§ Exercise objective: Look through the data below and extract, unchanged, the lines from the one that contains "Garden gate and" to the one that contains "Corporate lifestyle photograph", both included.

(Excerpts from a dataset)

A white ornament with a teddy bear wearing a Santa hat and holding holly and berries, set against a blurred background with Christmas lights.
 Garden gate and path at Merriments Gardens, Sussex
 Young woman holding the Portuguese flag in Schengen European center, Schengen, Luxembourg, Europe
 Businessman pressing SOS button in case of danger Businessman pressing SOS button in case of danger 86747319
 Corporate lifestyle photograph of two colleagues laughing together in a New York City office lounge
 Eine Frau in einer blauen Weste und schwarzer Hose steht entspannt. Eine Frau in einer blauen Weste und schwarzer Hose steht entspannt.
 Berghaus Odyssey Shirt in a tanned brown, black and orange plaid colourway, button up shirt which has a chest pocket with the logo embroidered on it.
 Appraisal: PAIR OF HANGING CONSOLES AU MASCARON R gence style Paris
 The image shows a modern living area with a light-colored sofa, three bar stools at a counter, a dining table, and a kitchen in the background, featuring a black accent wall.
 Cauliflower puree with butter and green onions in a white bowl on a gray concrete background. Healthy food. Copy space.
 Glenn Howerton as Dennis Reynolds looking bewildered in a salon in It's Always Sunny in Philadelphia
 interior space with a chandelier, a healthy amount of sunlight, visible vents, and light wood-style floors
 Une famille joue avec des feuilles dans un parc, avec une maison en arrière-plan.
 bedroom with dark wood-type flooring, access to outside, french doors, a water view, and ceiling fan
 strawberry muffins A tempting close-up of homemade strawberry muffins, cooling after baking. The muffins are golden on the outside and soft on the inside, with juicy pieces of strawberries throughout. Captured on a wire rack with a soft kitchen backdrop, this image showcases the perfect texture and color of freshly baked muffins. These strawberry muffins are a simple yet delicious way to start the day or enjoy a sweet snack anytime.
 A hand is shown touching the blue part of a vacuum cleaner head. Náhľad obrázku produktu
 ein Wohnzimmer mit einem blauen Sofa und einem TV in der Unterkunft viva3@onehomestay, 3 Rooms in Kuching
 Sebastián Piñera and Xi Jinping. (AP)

§ Exercise solution:
 Garden gate and path at Merriments Gardens, Sussex
 Young woman holding the Portuguese flag in Schengen European center, Schengen, Luxembourg, Europe
 Businessman pressing SOS button in case of danger Businessman pressing SOS button in case of danger 86747319
 Corporate lifestyle photograph of two colleagues laughing together in a New York City office lounge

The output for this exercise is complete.